1School of Information Science and Engineering, Hebei University of Science and Technology, Shijiazhuang, 050000, China
2School of Internet of Things and Software Technology, Wuxi Vocational College of Science and Technology, Wuxi, 214028, China
3German-Russian Institute of Advanced Technologies, Karan, 420126, Russia
*Corresponding Author: Ning Cao. Email: ning.cao2008@hotmail.com
Received: 01 February 2021; Accepted: 05 March 2021
Abstract: Along with the rapid development of biometric authentication technology, face recognition has been commercially used in many industries in recent years. However, it cannot be ignored that face recognition-based authentication techniques can be easily spoofed using various types of attacks such photographs, videos or forged 3D masks. In order to solve this problem, this work proposed a face anti-fraud algorithm based on the fusion of thermal infrared images and visible light images. The normal temperature distribution of the human face is stable and characteristic, and the important physiological information of the human body can be observed by the infrared thermal images. Therefore, based on the thermal infrared image, the pixel value of the pulse sensitive area of the human face is collected, and the human heart rate signal is detected to distinguish between real faces and spoofing faces. In order to better obtain the texture features of the face, an image fusion algorithm based on DTCWT and the improved Roberts algorithm is proposed. Firstly, DTCWT is used to decompose the thermal infrared image and visible light image of the face to obtain high-and low-frequency subbands. Then, the method based on region energy and the improved Roberts algorithm are then used to fuse the coefficients of the high- and low-frequency subbands. Finally, the DTCWT inverse transform is used to obtain the fused image containing the facial texture features. Face recognition is carried out on the fused image to realize identity authentication. Experimental results show that this algorithm can effectively resist attacks from photos, videos or masks. Compared with the use of visible light images alone for face recognition, this algorithm has higher recognition accuracy and better robustness.

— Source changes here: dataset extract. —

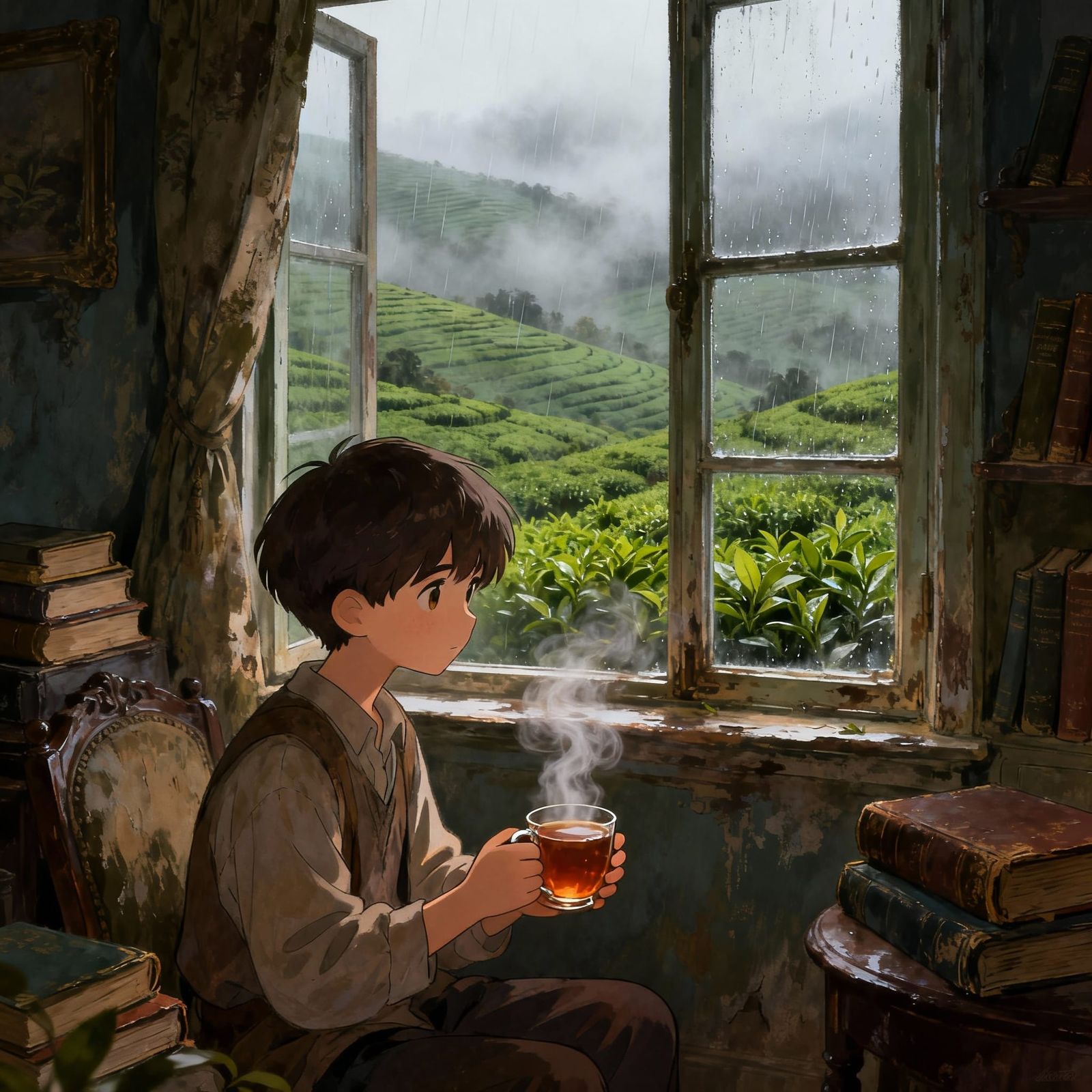 Boy with Tea by Rainy Window, Cozy Hills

Keywords: Anti-spoofing; infrared thermal images; image fusion; heart rate detection
With the development of biometrics, face recognition plays a pivotal role in applications such as identity recognition systems, criminal justice database systems, and public surveillance systems. The subsequent face spoofing attacks have also increased sharply. Attackers often use photos, videos, 3D modeling, masks, and other methods to imitate real human faces and obtain system access authorization for illegal intrusion and face recognition. This poses a serious threat to the security of the face recognition system. It is a necessary research topic to accurately judge the authenticity of human faces and identify human facial information to resist these complex and diverse deception attacks [1].

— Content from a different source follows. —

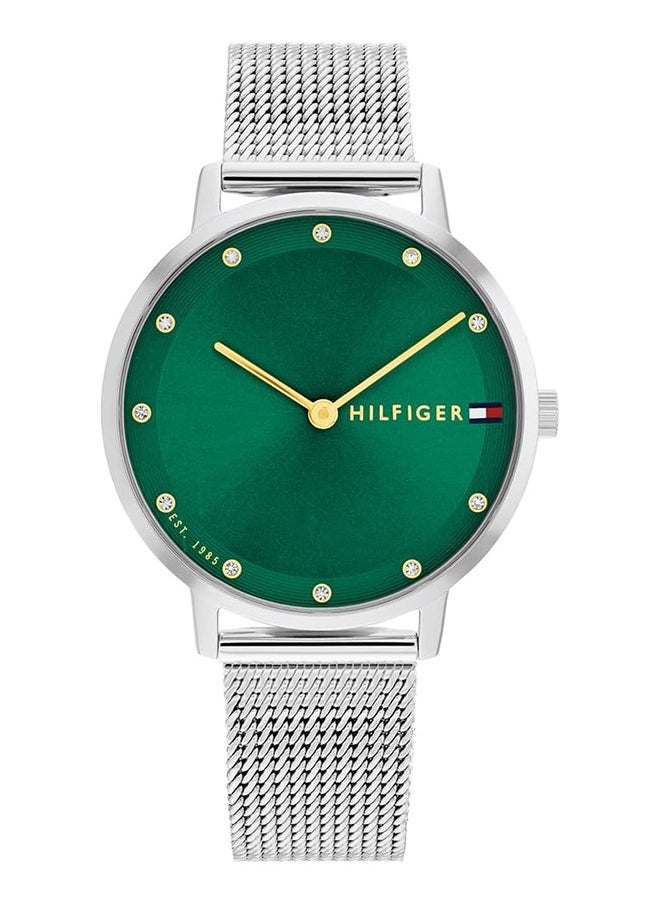 TOMMY HILFIGER ROUND ANALOG WOMEN'S GREEN CASE WATCH - 1782762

Face anti-spoofing detection systems are mainly divided into three categories: systems based on specific equipment, systems based on human-computer interaction, and systems based on pure algorithms.

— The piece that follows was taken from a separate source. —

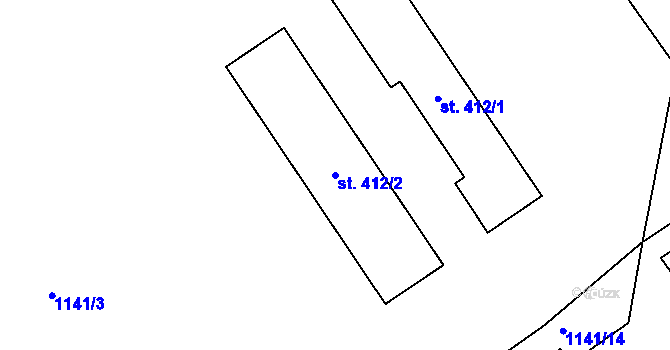 Parcela st. 412/2 v KÚ Lázně Kynžvart, Katastrální mapa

There are relatively many methods based on human-computer interaction to prevent spoofing attacks. For example, Alsufyani et al. [2] used the random movement of infrared light to track the relative movement trajectory of the human eye. Singh et al. [3] and Pan et al. [4] proposed to detect the user’s blinking and lip movements to resist people face spoofing attack; Tirunagari et al. [5] used dynamic correlation models to preprocess the video to extract texture features. The disadvantage of this type of detection method which seeks user cooperation is that it takes too long to detect the user’s specified action, and it needs the user to request coordinated action. This will affect the user’s experience.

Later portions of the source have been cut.